12

So my goal is to set all the character sets and collations to utf8 and utf8_unicode_ci.

Im using an AWS RDS to host the MySQL server.

Ive set the collation_connection variable to utf8_unicode_ci in the Parameter group for the RDS. This is how I set the variable in the parameter group .

Ive then rebooted my RDS and when going to MySQL console it shows the following values for variables.

mysql> show variables like "%character%";show variables like "%collation%";
+--------------------------+-------------------------------------------+
| Variable_name            | Value                                     |
+--------------------------+-------------------------------------------+
| character_set_client     | utf8                                      |
| character_set_connection | utf8                                      |
| character_set_database   | utf8                                      |
| character_set_filesystem | binary                                    |
| character_set_results    | utf8                                      |
| character_set_server     | utf8                                      |
| character_set_system     | utf8                                      |
| character_sets_dir       | /rdsdbbin/mysql-5.6.22.R1/share/charsets/ |
+--------------------------+-------------------------------------------+
8 rows in set (0.01 sec)

+----------------------+-----------------+
| Variable_name        | Value           |
+----------------------+-----------------+
| collation_connection | utf8_general_ci |
| collation_database   | utf8_unicode_ci |
| collation_server     | utf8_unicode_ci |
+----------------------+-----------------+

Im not sure why the collation_connection is set as utf8_general_ci

Parampal Pooni
  • 2,958
  • 8
  • 34
  • 40
  • Changing the table to general does fix the problem i was having (in regards to my update not working - http://www.web-technology-experts-notes.in/2014/07/illegal-mix-of-collations-utf8-unicode-ci-implicit-and-utf8-general-ci-implicit.html but still i dont know why collation_connection isnt changing. – Parampal Pooni Mar 13 '16 at 20:41
  • Did you end up fixing this issue? As I am also facing the same with Amazon RDS parameter group. – Iqbal S Nov 17 '16 at 01:22
  • nope, still interested in a potential solution – Parampal Pooni Nov 17 '16 at 01:39
  • I have this same issue too and would be interested in a solution – JamieD Nov 30 '16 at 10:54
  • I wrote an answer with a solution to this. I guess this problem will be seen more frequently nowadays, since MySQL 8.0 has changed the default utf8mb4 collation. – Marcus Jun 11 '19 at 15:52

5 Answers5

7

The variables which you see here are the current client session's variables:

+----------------------+-----------------+
| Variable_name        | Value           |
+----------------------+-----------------+
| collation_connection | utf8_general_ci |
| collation_database   | utf8_unicode_ci |
| collation_server     | utf8_unicode_ci |
+----------------------+-----------------+

So, you need to run the following commands, when you initiate the connection, on the client from which you are connecting:

SET collation_connection = 'utf8_unicode_ci';
Braiam
  • 1
  • 11
  • 47
  • 78
Iqbal S
  • 1,156
  • 10
  • 16
3

The collation_connection variable is set by the client; clients may be compiled with different settings - in this case, the default collation for utf8 appears to be utf8_general_ci.
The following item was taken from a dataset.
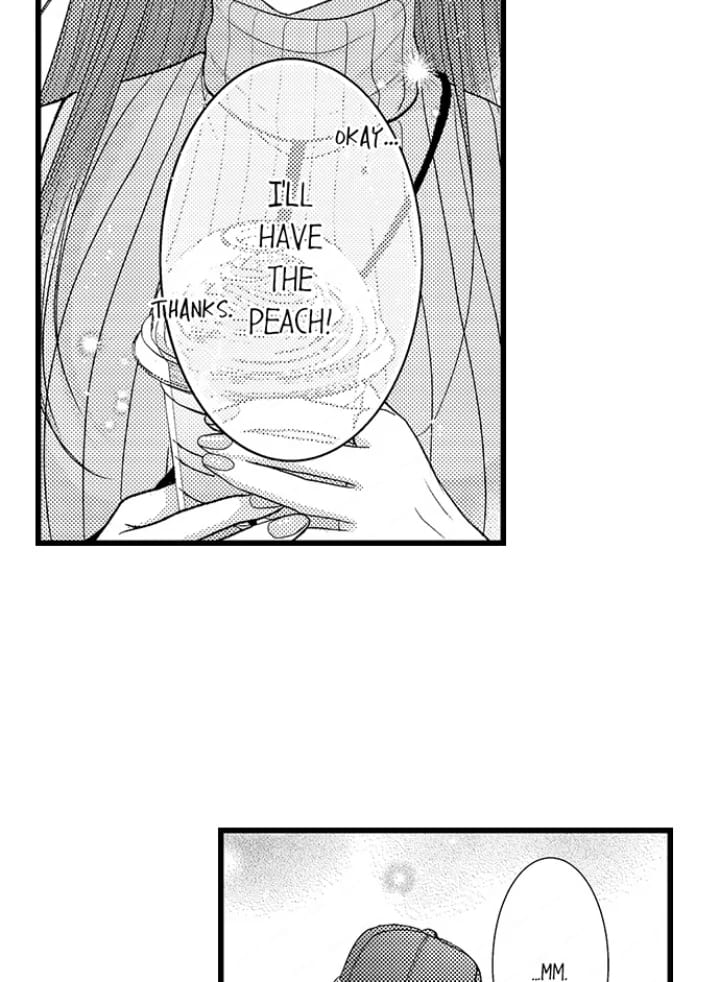 I Just Can’t Quit My Ex Uncensored, chapter 55, page 31 of 42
The problem is that the MySQL client allows the user to set the charset (default-character-set), but not the collation. If one needs a specific collation, this can't be directly worked around.
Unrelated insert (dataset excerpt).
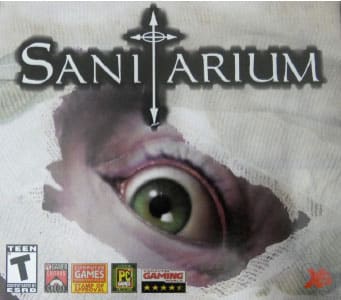 Sanitarium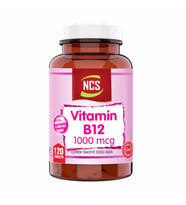 Vitamin B12 1000 Mcg 120 Tablet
In this case, what one can do (besides runtime changes) is to set the server character-set-client-handshake variable off (0). This will skip the character set (and implicitly, collation) negotiation with the client(s), and will impose the server charset/collation settings on any client connection.

Marcus
  • 5,104
  • 2
  • 28
  • 24
0

In the Parameter group, set the variable init_connect to

SET COLLATION_CONNECTION=utf8_unicode_ci

Thiago
  • 81
  • 10
0

I did it - prescribed in /etc/mysql/mariadb.conf.d/50-server.cnf

character-set-client-handshake = FALSE

I don’t know/don’t understand how identical the two parameters (--skip... and FALSE), but if they are identical, then in the official documentation it says

Don't ignore client side character set value sent during handshake. (Defaults to on; use --skip-character-set-client-handshake to disable.)

Also in the documentation, I did not find anything about the value FALSE, but it works.

-4

If you have any existing tables with different CHARACTER SET or COLLATION, they need converting; see ALTER TABLE ... CONVERT TO ....

If you code does not connect as utf8, that needs changing. The details are very language specific (Java vs PHP vs ...).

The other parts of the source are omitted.